● RECORDED INFORMATION:
+++++
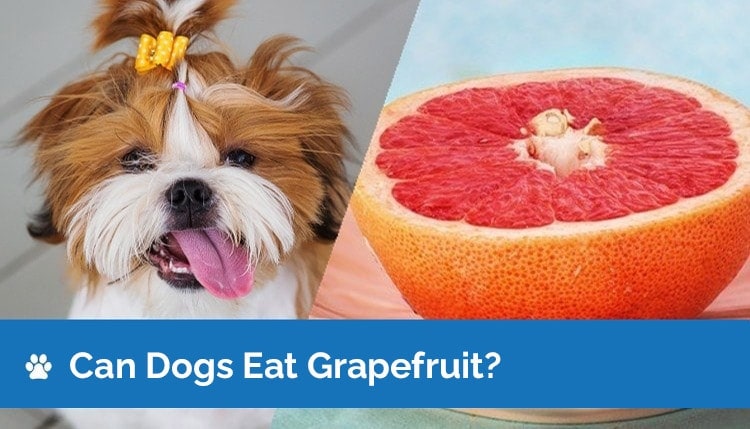 can dogs eat grapefruit2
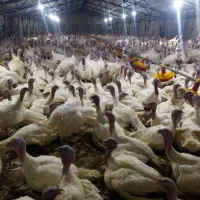 بوقلمون پرورشی ارگانیک کیلوی ۱۸۰هزار تومان زنده|حیوانات مزرعه|اندیمشک, |دیوار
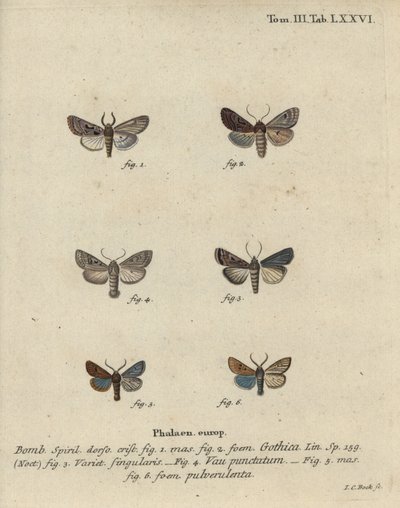 Personagem hebraico, castanho-preto, mariposa pequena, etc. de Johann Carl Bock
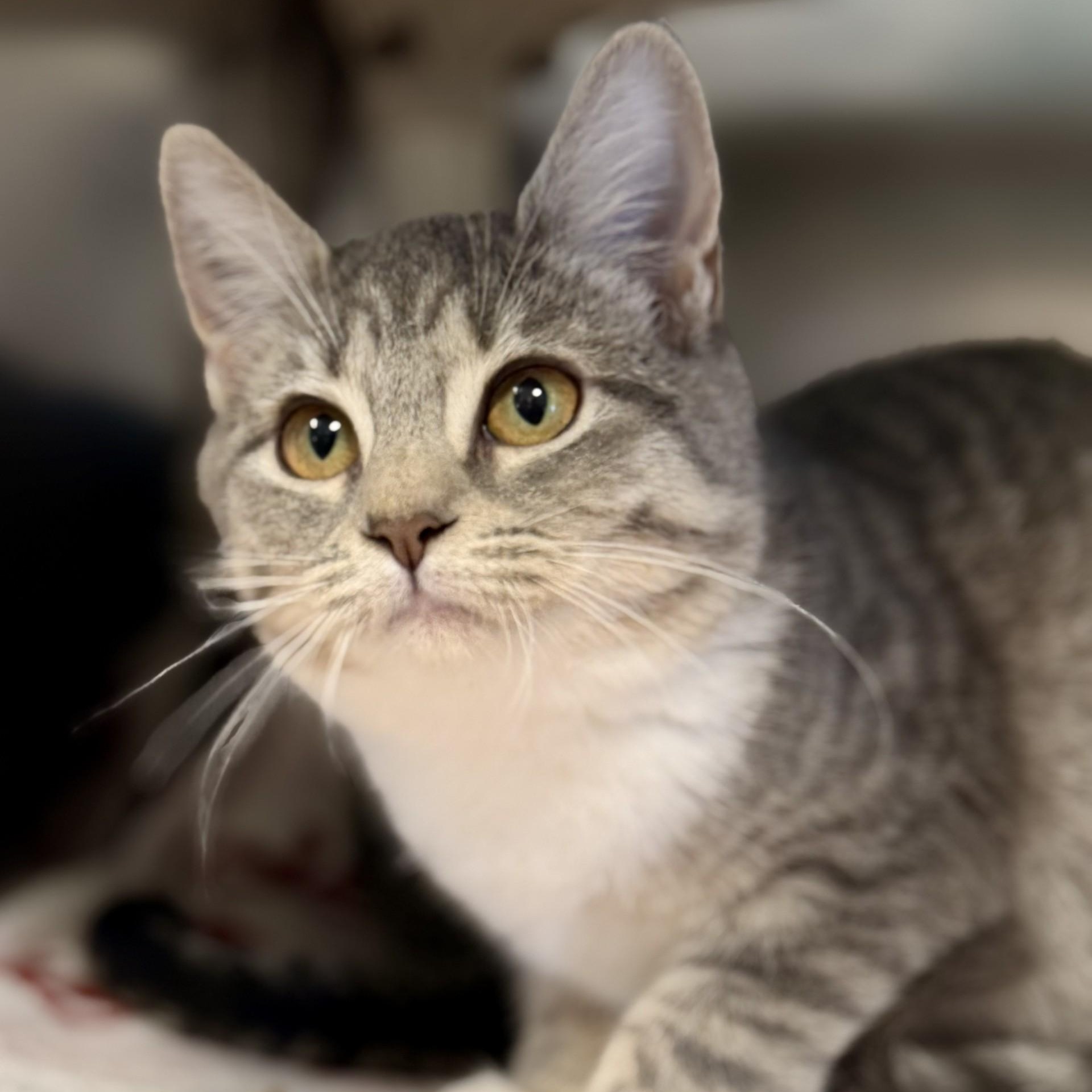 Enlarge Cozy, a Adoptable Domestic Short Hair in Manahawkin, NJ image 1/3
+++++
● EXERCISE REQUIREMENTS:
Retype the data above verbatim, minus images.

● ANSWER SECTION:
 can dogs eat grapefruit2
 بوقلمون پرورشی ارگانیک کیلوی ۱۸۰هزار تومان زنده|حیوانات مزرعه|اندیمشک, |دیوار
 Personagem hebraico, castanho-preto, mariposa pequena, etc. de Johann Carl Bock
 Enlarge Cozy, a Adoptable Domestic Short Hair in Manahawkin, NJ image 1/3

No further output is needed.